Tutorial: Building remote inference models - Amazon Redshift
Services or capabilities described in Amazon Web Services documentation might vary by Region. To see the differences applicable to the China Regions, see Getting Started with Amazon Web Services in China (PDF).

Tutorial: Building remote inference models

The following tutorial goes over the steps of how to create a Random Cut Forest model that has been previously trained and deployed in Amazon SageMaker, outside of Amazon Redshift. The Random Cut Forest algorithm detects anomalous data points within a dataset. Creating a model with remote inference allows you to bring your Random Cut Forest SageMaker model into Amazon Redshift. Then, in Amazon Redshift, you use SQL to perform predictions on a remote SageMaker endpoint.

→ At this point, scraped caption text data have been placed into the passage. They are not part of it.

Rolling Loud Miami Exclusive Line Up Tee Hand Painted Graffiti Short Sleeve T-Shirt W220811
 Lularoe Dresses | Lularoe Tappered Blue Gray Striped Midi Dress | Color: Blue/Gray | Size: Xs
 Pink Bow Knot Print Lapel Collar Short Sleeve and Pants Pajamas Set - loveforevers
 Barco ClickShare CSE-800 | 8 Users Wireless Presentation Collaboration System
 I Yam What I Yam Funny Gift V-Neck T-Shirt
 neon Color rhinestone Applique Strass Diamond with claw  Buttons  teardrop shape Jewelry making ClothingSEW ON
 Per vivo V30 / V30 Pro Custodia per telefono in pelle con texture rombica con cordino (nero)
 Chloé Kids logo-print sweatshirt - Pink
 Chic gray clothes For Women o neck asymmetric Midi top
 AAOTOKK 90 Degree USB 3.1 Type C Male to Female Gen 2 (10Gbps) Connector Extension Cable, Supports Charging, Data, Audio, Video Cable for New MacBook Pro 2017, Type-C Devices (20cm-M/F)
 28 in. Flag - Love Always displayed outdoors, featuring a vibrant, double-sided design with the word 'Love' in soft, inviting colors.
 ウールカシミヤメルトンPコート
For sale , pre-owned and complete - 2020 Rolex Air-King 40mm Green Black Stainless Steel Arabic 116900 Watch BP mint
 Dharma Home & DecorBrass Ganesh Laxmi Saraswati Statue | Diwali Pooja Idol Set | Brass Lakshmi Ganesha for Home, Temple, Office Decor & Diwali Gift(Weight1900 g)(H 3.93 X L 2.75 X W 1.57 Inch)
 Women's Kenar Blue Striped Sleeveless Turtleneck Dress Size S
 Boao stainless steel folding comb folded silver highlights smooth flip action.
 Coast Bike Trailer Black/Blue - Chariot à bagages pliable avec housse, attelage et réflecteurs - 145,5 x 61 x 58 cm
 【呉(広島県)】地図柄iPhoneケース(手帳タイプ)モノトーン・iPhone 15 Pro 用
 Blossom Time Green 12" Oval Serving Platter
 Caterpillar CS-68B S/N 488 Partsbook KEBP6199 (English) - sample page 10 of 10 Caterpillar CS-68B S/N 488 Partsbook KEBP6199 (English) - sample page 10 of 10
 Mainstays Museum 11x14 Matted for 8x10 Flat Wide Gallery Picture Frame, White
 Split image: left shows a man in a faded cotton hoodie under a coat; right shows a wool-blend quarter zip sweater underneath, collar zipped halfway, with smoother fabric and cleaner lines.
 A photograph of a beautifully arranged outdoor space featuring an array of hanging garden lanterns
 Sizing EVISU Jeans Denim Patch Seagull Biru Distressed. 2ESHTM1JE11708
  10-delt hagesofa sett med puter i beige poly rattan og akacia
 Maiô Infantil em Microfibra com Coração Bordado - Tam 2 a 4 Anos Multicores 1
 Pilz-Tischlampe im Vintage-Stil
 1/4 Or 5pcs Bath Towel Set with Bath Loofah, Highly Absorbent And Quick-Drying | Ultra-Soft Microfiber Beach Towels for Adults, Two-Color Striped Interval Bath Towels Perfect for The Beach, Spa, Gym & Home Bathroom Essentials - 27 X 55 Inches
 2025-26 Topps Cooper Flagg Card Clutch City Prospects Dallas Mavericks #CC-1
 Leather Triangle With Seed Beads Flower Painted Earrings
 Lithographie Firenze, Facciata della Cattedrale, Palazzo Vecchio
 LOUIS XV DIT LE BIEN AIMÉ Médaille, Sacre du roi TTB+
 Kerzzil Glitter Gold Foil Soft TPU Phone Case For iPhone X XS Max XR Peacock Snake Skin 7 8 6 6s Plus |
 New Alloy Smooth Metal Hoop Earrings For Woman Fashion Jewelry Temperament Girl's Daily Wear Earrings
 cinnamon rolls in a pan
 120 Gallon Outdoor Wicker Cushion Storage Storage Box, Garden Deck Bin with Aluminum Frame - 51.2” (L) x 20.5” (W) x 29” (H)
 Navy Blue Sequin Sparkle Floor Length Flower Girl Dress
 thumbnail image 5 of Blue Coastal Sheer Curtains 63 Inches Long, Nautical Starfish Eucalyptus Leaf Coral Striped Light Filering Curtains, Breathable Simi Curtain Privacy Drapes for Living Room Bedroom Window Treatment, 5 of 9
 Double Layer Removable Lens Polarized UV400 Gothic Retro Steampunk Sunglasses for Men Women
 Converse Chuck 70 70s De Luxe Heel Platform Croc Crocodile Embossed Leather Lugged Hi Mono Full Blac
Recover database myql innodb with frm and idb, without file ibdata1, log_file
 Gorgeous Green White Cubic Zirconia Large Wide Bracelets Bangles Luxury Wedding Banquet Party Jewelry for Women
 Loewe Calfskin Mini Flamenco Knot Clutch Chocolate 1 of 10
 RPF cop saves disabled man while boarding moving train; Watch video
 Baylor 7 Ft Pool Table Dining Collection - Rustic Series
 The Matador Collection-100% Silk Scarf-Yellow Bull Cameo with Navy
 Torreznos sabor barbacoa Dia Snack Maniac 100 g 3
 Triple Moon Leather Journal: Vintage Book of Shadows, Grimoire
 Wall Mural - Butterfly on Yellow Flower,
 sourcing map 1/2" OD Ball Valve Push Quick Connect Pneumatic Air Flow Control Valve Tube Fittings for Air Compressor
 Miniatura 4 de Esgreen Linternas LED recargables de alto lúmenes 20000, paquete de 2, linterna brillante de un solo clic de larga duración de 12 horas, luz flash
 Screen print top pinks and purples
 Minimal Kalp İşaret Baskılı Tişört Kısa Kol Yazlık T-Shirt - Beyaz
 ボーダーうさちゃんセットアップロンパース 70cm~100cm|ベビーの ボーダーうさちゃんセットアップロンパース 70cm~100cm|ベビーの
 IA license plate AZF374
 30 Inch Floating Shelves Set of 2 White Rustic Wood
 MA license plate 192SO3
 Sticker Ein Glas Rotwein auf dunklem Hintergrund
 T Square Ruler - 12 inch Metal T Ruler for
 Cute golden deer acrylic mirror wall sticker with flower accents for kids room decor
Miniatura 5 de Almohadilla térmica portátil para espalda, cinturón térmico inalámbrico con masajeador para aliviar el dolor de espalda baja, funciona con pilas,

You can use a CREATE MODEL command to import a machine learning model from an Amazon SageMaker endpoint and prepare an Amazon Redshift prediction function. When using the CREATE MODEL operation, you provide the SageMaker machine learning model’s endpoint name.

In this tutorial, you create an Amazon Redshift machine learning model using a SageMaker model endpoint. Once your machine learning model is ready, you can use it to perform predictions in Amazon Redshift. First, you train and create an endpoint in Amazon SageMaker, and then you get the endpoint name. Then, you use the CREATE MODEL command to create a model with Amazon Redshift ML. Finally, you perform predictions on the model using the prediction function that the CREATE MODEL command generates.

Use case examples

You can use Random Cut Forest models and remote inference for anomaly detection in other datasets, such as predicting a rapid increase or decrease in e-commerce transactions. You could also predict significant changes in weather or seismic activity.

Tasks

  • Prerequisites

  • Step 1: Deploy the Amazon SageMaker model

  • Step 2: Get the SageMaker model endpoint

  • Step 3: Load the data from Amazon S3 to Amazon Redshift

  • Step 4: Create a model with Amazon Redshift ML

  • Step 5: Perform predictions with the model

Prerequisites

To complete this tutorial, you must have the following prerequisites:

Step 1: Deploy the Amazon SageMaker model

  1. To deploy the model, go to the Amazon SageMaker console, choose Notebook instances under Notebook in the navigation pane.

  2. Choose Open Jupyter for the Jupyter notebook that was created by the CloudFormation template.

  3. Choose bring-your-own-model-remote-inference.ipynb.

  4. Set up the parameters to store the training input and output in Amazon S3 by replacing the following lines with your Amazon S3 bucket and prefix.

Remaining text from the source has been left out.